Regardless of how great we think the GS is among luxury sedans, the bad part is that the GS might not last much longer since Lexus is considering getting rid of it at the end of this current generation. Here's why we think it's worth to keep and/or redesign.
The GS Has Stood the Test of Time
The Lexus GS started way back in the 1990s, and it was created with more sporting intentions than the rest of the lineup, a sort of larger version of the IS. But it didn't strike a chord with customers and never really quite fit the cushy luxury image Lexus was known for. It wasn't as big as the flagship LS, nor was it as popular as the Camry-based ES. The GS was more sporty and had the looks to back it up. Sadly, those who were looking for a sporty luxury car turned to BMW, Mercedes-Benz, and Audi. But the GS lived through four generations and leads us to where we are today. Nearly three decades later, and the GS is better than its ever been.
The GS is Seriously Comfortable
Sit in the current GS, and you'll find that there's ample room, some of the best seats in the industry, and a dash layout that's still attractive after seven years of the fourth generation. The near infinite adjustability of the power tilt and telescoping steering column, the quick shifting transmission, the sublime seats (especially in F Sport trim), and the excellent seating position make for a real pleasure behind the wheel, and the passengers fare nearly as well. Only the infotainment system feels lacking, as the Enform system could use a total overhaul. Aside from that, the GS is superb inside.
The GS is Sporty No Matter the Trim Level
The GS is one of those vehicles that's a competent all-arounder. It's not only comfortable, well-built,a and spacious, it's one of the sportiest models available, regardless of whether you get the GS 300 (241 hp turbo four), the GS 350 (311 hp turbo V6), the GS 450h (V6 + electric motor) or the hi-powered GS F with its booming 5.0-liter V8). Each one has a sporty suspension setup and good balance that make it a blast to drive every day, not just on a track. The fact that you get rear-wheel drive standard and an optional F Sport package that increases the level of driving dynamics make it an attractive but comfortable daily driver that won't put you to sleep.

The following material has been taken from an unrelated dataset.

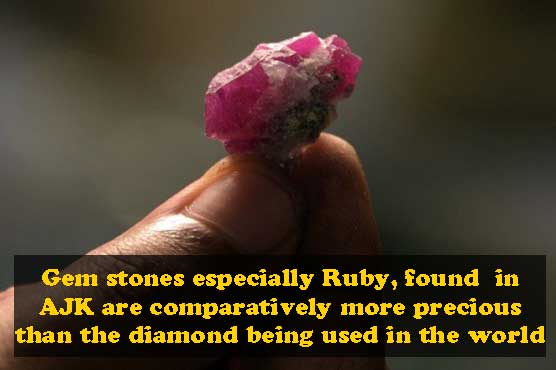 LASHKAR_1's tweet photo. #gemstones found in upper #neelumvalley  and rarely in #LeepaValley as well, #ruby (aquamarine) are comparatively more precious than the #diamond being used in the #world. #Tourism #peace #nature #REALITY #beauty of 
#AJK in  #PakistanTuorismPlaces 
#PakistanPinkSalt
@chimran55 https://t.co/qBlT3Qswpr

The GS Holds Its Value and Reliability
Lexus makes some of the best, longest lasting cars in the business, and the GS is no exception. You'll see cars that are from the 2nd generation still driving around. Even versions from the last generation are still selling for $20,000 used, which is a testament to their overall value and reliability. It rates a whopping 9.2/10 from customers who purchased it used. That's all the more reason why it makes a great daily driver that still delivers thrills behind the wheel.
But the unfortunate outcome is that the GS will probably not continue beyond the fourth generation. The brand new LS 500 uses a turbocharged V6, just like the current GS. Lexus is concerned that the car will detract from LS sales in what's known as a product overlap. But what's also true is that it will cost Lexus a lot of money to develop a brand new GS, a move that doesn't make much sense when sales of the current car are poor (it barely outsells the overlooked Kia Cadenza).
Furthermore, sedan sales are tanking everywhere, from cheaper versions to pricier ones. The Lexus RX and NX crossovers are their best-sellers, lending more credence to the notion that investment in more crossovers is where the profits are. We're really sad about what could very well be the demise of the GS. It ticks so many boxes for us, which crossovers rarely do.